If this is how the board plans to run its consultation process over the next nine days of public meetings, it's clear that one of the goals of district staff is to shield trustees from political fallout.
First of all, the district chose a huge room for the first meeting: the gymnasium at Windermere secondary school. This ensured that no matter how many parents attended, it wouldn't seem full to the media who were present to record the proceedings.
A big crowd showed up, but they didn't feel crammed in.
Secondly, the board provided more than enough seating. Anyone who has organized a news conference knows that it's better to deliver bad news while people are sitting because then they're better behaved.
The organizers of the meeting also ensured that parents had to wait a long time before they could go to the microphone.
That was because superintendent Steve Cardwell didn't start speaking until about 45 minutes after the meeting was scheduled to begin. He droned on for an interminable mount of time before the first parent, Ann Wong, was permitted to have her say.
Trustees weren't put on the podium with the superintendent. Instead, they sat at a table off in the corner of the room, barely visible to most parents.
This kept them out of the firing line and largely out of the public eye.
The board also required people to register if they wanted to speak. This created a bit of a bureaucratic obstacle in a neighbourhood with a large number of people for whom English is a second language.
Unfortunately for the board, these attempts to downplay public anger were offset by the efforts of Vancouver-Kingsway NDP MLA Adrian Dix, who has proven himself to be an adept community organizer.
Unlike other East Vancouver NDP MLAs who face school closures in their constituencies, Dix has kept the school in his riding in the media spotlight.
He helped organize a rally of parents earlier this year, which generated coverage on TV newscasts. According to Wong, Dix also rallied former students and spoke to local businesses that would be affected by the closure of Carleton.
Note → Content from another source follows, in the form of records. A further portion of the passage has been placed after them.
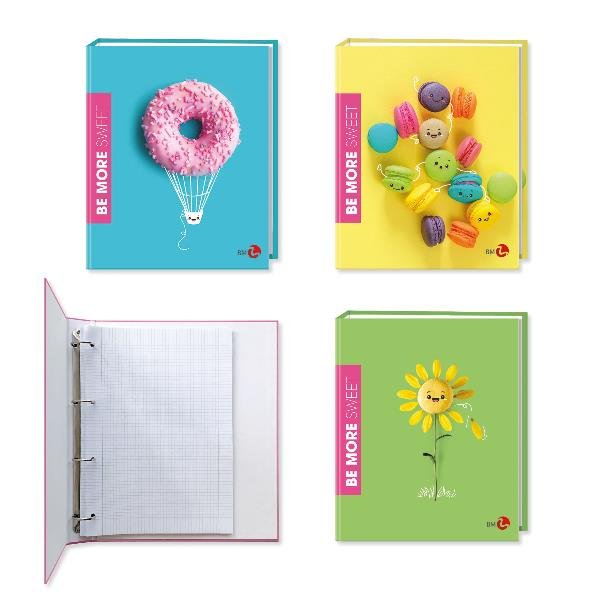 BE MORE SWEET RACCOGLITORE A 4 ANELLI DA 30 mm IN CARTOCINO PLASTIFICATO 270X320 mm FANTASIE ASSORTITE CONF 5 Pz.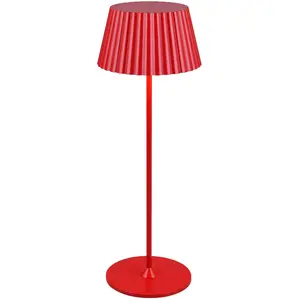 Trio, Tischlampe, Reality Leuchten LED Aussen Akku Tischleuchte Suarez R57706110, Metall Rot, inkl. 1.5 Watt LED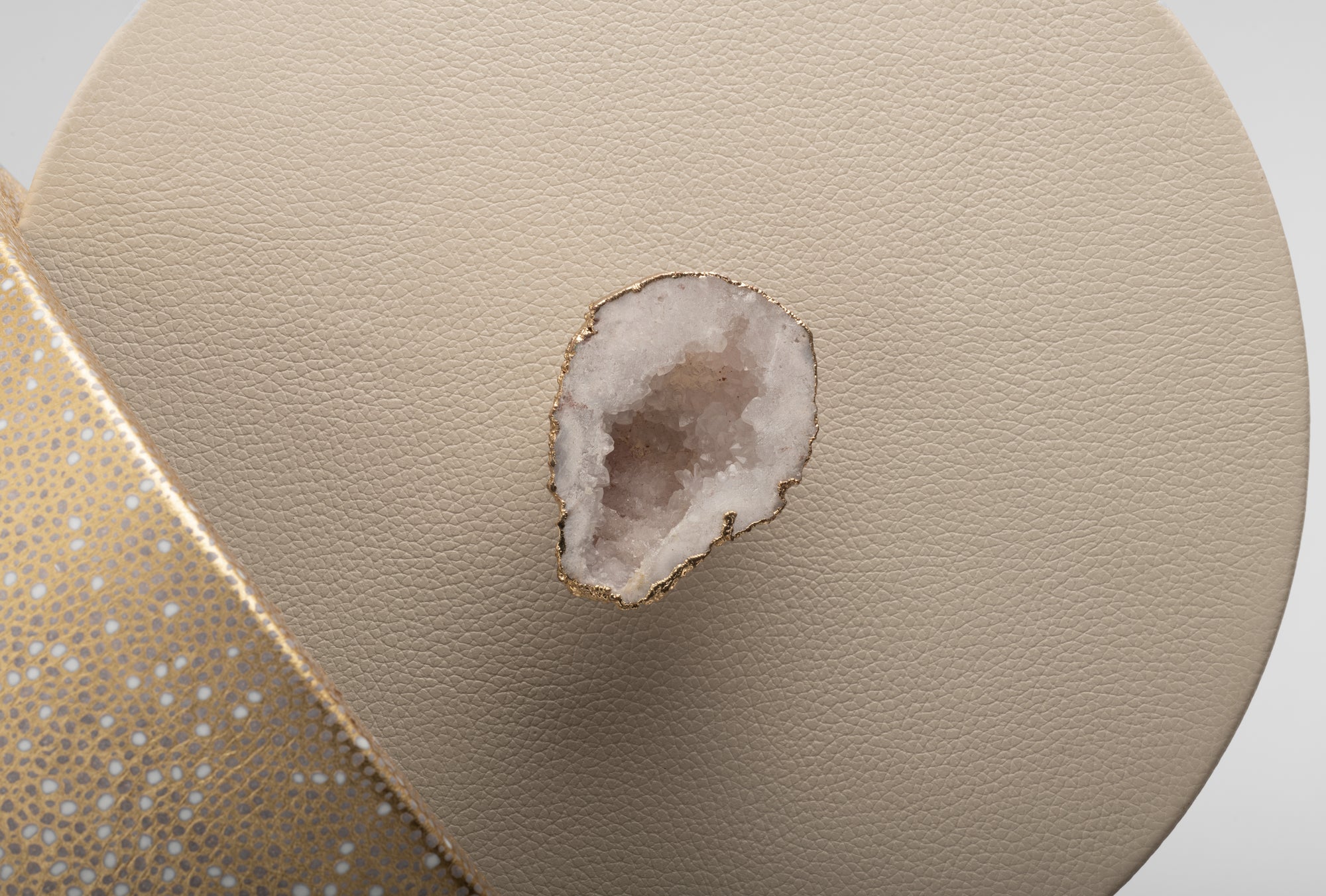 Gilded Alabaster Round Decorative Box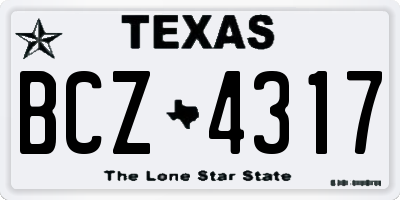 TX license plate BCZ4317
The parents have also enlisted the support of other parent advisory councils.
In addition, Dix distributed an op-ed piece to the media more than a week before last night's meeting. He held another media event on the weekend to ensure that last night's main event was on the reporters' radar. Sure enough, it was well-attended by people from print, television, and radio outlets.
The community came out in force, with speakers from local organizations, alumni, and the business community. As well, there were many heartfelt presentations from parents.
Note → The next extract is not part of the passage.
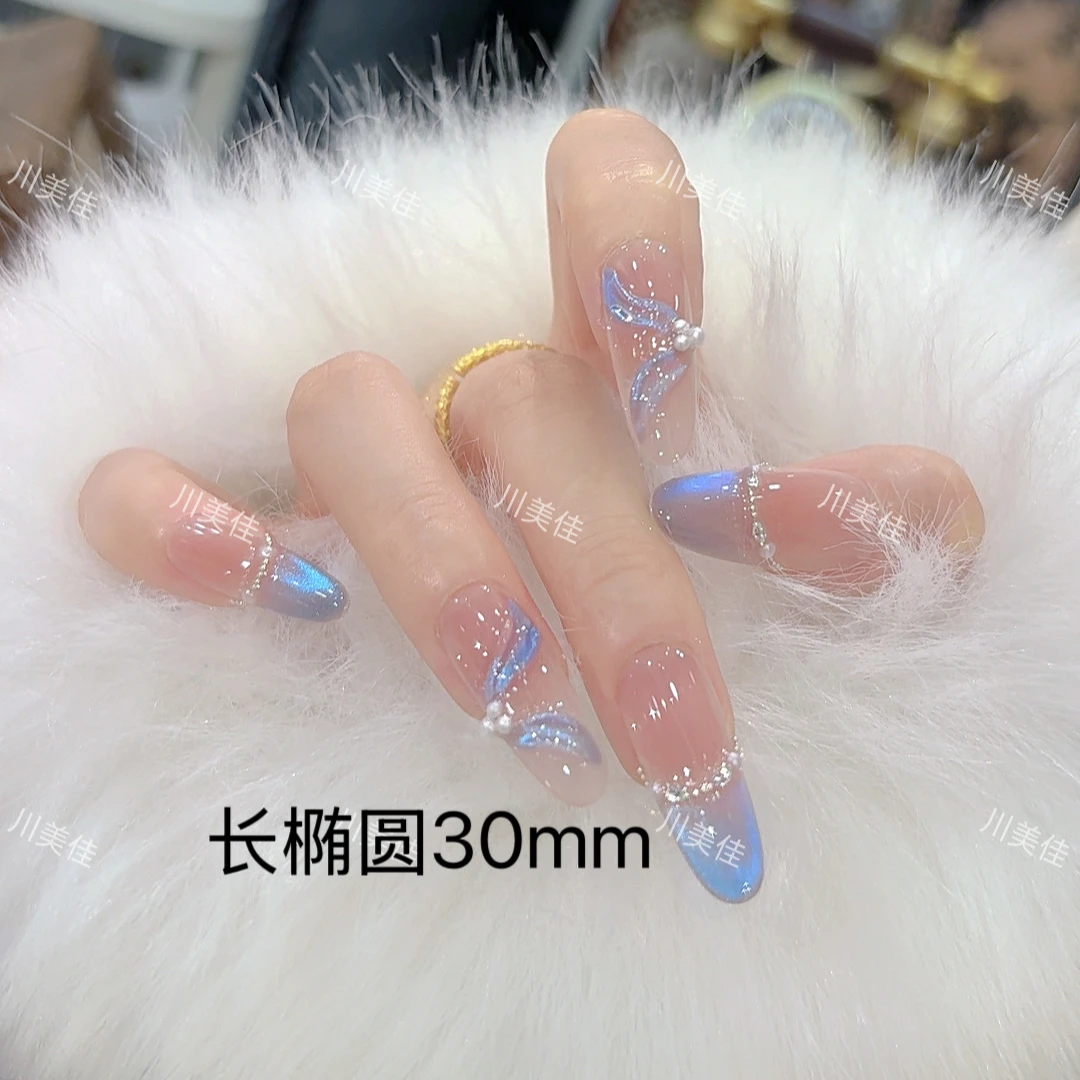 川美佳《时间飘带》高级显白蓝色手绘飘带纯手工穿戴甲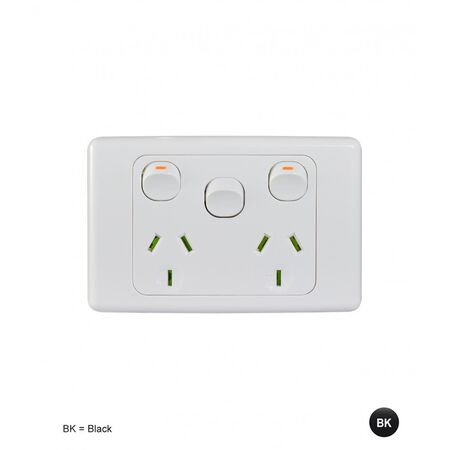 Power Point 2 Gang 10A 250V Extra Switch Cougar White Trader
The second parent spoke almost entirely in Cantonese, which ensured that this story will get lots of play in the Chinese-language media.
Dix's efforts on behalf of his constituents have put the board of education on the defensive. If trustees choose to close Carleton, Vision Vancouver could face a serious backlash in the 2011 election in the Collingwood neighbourhood, where it should reign supreme.
Vision's problems will be magnified if Coalition of Progressive Electors trustees Jane Bouey, Al Blakey, and Allan Wong break away from the rest of the pack and vote to save the school. It will create a wedge between them and the Vision and NPA trustees.
Vision park commissioner Raj Hundal and Vision councillor Kerry Jang have deep roots in the area, and both have supported Dix in the past.
But they'll be unlikely to quell the anger of Collingwood parents if Vision Vancouver trustees vote to shut down the local elementary school.
In a close election, this could make a huge difference to Vision politicians running for council and park board, as well as for the board of education.